Sans surprise-party à Notre-Dame, dans l’entre-soi de la caste, par Lucien Persignac

Sans surprise-party à Notre-Dame, dans l’entre-soi de la caste, par Lucien Persignac

Qu’ils sont beaux sur la photo, pardon sur la gravure, ces puissants, ces rois et ces reines, ces princes et ces princesses, venus de toutes parts, pour entourer Napoléon le Petit, lors de l’Exposition Universelle de 1867. De la terre entière, ils ont accouru pour respirer un peu de cet air magique de Paris, se réchauffer à la gloire de son souverain, se vautrer joyeusement, un peu, dans la débauche et la corruption de la fête impériale. Trois ans plus tard, ce fut Sedan et la défaite face aux Prussiens, la guerre civile et le Mur des Fédérés. Quel magnifique résultat !


Les souverains, les plus grands, comme les roitelets, aiment l’entre-soi. Ce n’est pas nouveau. Sous l’Ancien Régime, ils l’aimaient tellement qu’ils se mariaient entre eux, encore et encore, pour préserver leur sang si précieux et mieux se distinguer de leurs simples sujets, au point qu’ils en devenaient parfois consanguins, contrefaits, à moitié débiles et stériles, comme le pauvre Charles II d’Espagne (1661-1700), et que leur dynastie finissait par s’éteindre, quand elle n’était pas renversée par des populations qui s’étaient lassées.

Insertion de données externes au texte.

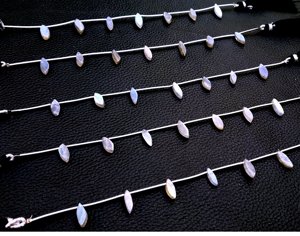 Cuentas de forma de marquesa de labradorita Natural de alta calidad, piedra preciosa Flash azul, Briolette impresionante para la fabricación de joyas al por mayor - Product Image 3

L’entre-soi des puissants et leur bulle dorée

L’entre-soi rassure les princes. Ils comparent leurs gourmettes, se font des blagues et se donnent l’accolade, s’embrassent et se congratulent. Ils jouissent ensemble de leur puissance, de leurs succès comme de leurs mauvais coups, de leur éclat comme de leur bassesse, de leur grandeur aussi bien que de leurs misères. Ils sont heureux, insouciants et légers, parce qu’ils sont loin de ces peuples, qui les agacent par leurs revendications, qui ne les comprennent pas tant ils sont supérieurs, qui, comble du scandale, se permettent parfois de les critiquer et qui, finalement, ne les méritent pas.

Gageons qu’ils seront beaux sur la gravure, pardon sur la photo, réunis sur le parvis de Notre-Dame. Distillant savamment les confidences, l’Elysée en promettait trente-cinq jeudi soir, tout en susurrant que la liste s’allongerait encore d’ici samedi. Quelle merveille ! Quel bonheur ! J’en ai le cœur qui palpite et la salive aux lèvres. Pensez donc ! Donald Trump, lui-même, pour son premier voyage international depuis sa réélection ! Le roi des Belges et Albert II de Monaco ! Je défaille. Les présidents de la République du Congo et de la République démocratique du Congo. Je monte aux nues. Qui donc ? Qui donc ? murmure le petit peuple, fébrile et impatient, devant tant de majesté… On nous dit Zelensky… J’en frémis. Poutine aussi ? Ah non, celui-là, après avoir été longtemps invité, est désormais rejeté : c’est un prince félon, qui n’en fait qu’à sa tête. Le pape ? non plus, mais il a fait dire par son nonce qu’il adorait la France… Nous voici rassurés. King Charles himself ? Si seulement…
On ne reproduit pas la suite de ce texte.